Three, mandatory and graphic sexual training for children. She has three paragraphs on the last of these.
She says the training has to include instruction, beginning when the child's at the age of 10, on how to engage in sexual intercourse with members of the same sex. Since this will of necessity be graphic, she says, "such materials should be exempted from pornography and obscenity laws".
Four, she says that all laws regulating prostitution must be eliminated. Prostitution, in short, must be legalised.
Five, she says that the age of consent for all sexual activities should be lowered to 14.
Finally, and most troublingly, she says: "There must be creation of penalties for anyone who vilifies individuals engaged in same-sex relationships." In short, it's not enough simply to normalise, in one fell swoop, all of international law related to homosexuality. We have to provide penalties.
What are the penalties she's talking about? Might it be the International Criminal Court? Turn to the guidelines on page 14, which emphasise the need for "the sensitisation of judicial branches of governments, both nationally and internationally." She suggests we need to "provide judicial education and the development of judicial materials".
Your Attorney-General states that it's absurd and outrageous to claim that the International Criminal Court will be used for political ends. Let me just give you, again, a little information from the Statute itself.
The ICC gives the prosecutor broad political power to bring prosecutions. Under the Statute, prosecutions are not initiated by States" Parties. They are, on the contrary, initiated by the prosecutor. And they may be initiated by anonymous complaints made by NGOs and others.
Furthermore, Article 44 allows the prosecutor to accept "any ... offer" of "gratis personnel offered by States' Parties, intergovernmental organisations or non-governmental organisations". Gratis personnel are personnel paid for by third parties, yet they are performing the work of the court.
One can expect - and my experience tells me that it will undoubtedly be true - that most of these "gratis personnel" will be supplied by well-funded international NGOs who are hostile to religion and traditional values. An independent prosecutor who is free from any executive control is fearsome enough.

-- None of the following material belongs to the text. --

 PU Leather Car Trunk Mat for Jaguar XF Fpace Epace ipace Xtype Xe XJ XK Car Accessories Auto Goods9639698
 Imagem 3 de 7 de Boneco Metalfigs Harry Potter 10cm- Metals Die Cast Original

An independent prosecutor whose office is staffed by individuals with ideological axes to grind is positively frightening.

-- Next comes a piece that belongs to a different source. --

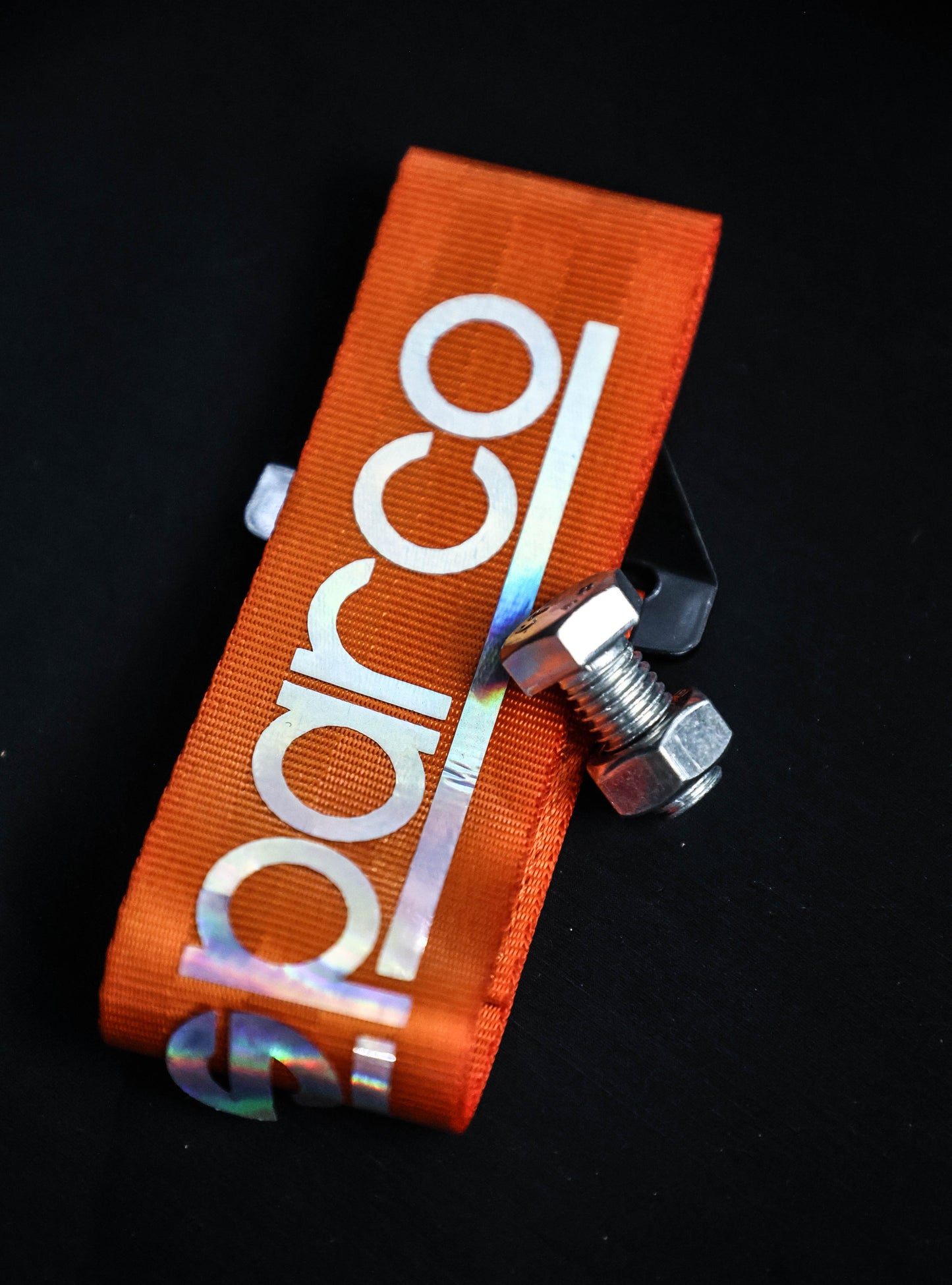 UNIVERSAL STRAP TOW HOOK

Let me conclude by asking what is at stake. Your Attorney-General concludes with a kind of stirring paean to justice and to compassion. He says:
"Our sense of justice, our sense of humanity, our compassion for our fellow man, demand that we give the ICC our full support."
In a sense, I agree. We have to have compassion for our fellow man. There is no doubt that there are serious atrocities in the world, which demand a solution. And I believe it's possible to construct an International Criminal Court that not only complies with the existing dictates of international law, but also would not unduly trammel the existing sovereignty of states. The International Law Commission produced such a draft about 10 years ago. But what is at stake is the very notion of sovereignty and self-determination.